Assigned task: From the data below, return the exact lines starting at the line containing "ZLLKL 2025 Cotton" and ending at the line containing "Yellow Curves Digital Cushion Cover", both included, and nothing else.

[[ Study material open ]]

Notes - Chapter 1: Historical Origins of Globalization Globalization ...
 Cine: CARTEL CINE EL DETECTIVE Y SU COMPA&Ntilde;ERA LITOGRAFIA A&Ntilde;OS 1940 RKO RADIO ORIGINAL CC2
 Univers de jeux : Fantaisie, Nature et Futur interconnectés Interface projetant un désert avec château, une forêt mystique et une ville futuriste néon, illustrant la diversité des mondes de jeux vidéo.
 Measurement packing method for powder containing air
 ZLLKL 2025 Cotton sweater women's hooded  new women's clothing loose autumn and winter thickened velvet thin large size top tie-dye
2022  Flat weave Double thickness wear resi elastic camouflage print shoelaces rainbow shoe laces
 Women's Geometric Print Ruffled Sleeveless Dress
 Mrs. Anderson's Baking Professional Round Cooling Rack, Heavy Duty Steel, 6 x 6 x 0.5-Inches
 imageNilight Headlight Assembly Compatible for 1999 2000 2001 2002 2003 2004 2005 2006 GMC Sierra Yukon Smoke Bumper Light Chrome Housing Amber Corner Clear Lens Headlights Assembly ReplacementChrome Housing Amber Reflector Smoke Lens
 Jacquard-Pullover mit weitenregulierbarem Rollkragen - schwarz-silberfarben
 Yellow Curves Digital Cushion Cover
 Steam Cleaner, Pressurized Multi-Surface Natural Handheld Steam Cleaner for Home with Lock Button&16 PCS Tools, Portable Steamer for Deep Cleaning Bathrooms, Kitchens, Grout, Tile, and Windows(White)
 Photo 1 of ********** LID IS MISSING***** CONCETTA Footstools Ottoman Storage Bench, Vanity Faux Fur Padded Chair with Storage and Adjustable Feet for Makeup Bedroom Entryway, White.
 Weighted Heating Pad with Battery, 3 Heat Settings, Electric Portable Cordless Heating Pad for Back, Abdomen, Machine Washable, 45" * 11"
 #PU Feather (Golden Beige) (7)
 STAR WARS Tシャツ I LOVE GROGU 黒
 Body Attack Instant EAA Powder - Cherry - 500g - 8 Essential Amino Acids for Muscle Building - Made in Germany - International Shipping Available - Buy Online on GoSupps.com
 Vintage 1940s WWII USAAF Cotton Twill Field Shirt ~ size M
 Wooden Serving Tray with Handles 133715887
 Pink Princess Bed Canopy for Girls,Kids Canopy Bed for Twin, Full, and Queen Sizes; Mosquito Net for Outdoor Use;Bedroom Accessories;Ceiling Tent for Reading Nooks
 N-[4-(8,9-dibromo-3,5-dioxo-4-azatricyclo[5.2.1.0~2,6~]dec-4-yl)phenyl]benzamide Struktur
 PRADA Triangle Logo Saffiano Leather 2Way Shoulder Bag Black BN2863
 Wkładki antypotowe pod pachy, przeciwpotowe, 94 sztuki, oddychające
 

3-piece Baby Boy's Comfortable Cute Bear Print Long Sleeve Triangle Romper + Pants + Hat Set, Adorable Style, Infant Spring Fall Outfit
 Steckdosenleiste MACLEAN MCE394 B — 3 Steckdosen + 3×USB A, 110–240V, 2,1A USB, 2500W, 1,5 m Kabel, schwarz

[[ Study material closed ]]

Answer to the problem:
 ZLLKL 2025 Cotton sweater women's hooded  new women's clothing loose autumn and winter thickened velvet thin large size top tie-dye
2022  Flat weave Double thickness wear resi elastic camouflage print shoelaces rainbow shoe laces
 Women's Geometric Print Ruffled Sleeveless Dress
 Mrs. Anderson's Baking Professional Round Cooling Rack, Heavy Duty Steel, 6 x 6 x 0.5-Inches
 imageNilight Headlight Assembly Compatible for 1999 2000 2001 2002 2003 2004 2005 2006 GMC Sierra Yukon Smoke Bumper Light Chrome Housing Amber Corner Clear Lens Headlights Assembly ReplacementChrome Housing Amber Reflector Smoke Lens
 Jacquard-Pullover mit weitenregulierbarem Rollkragen - schwarz-silberfarben
 Yellow Curves Digital Cushion Cover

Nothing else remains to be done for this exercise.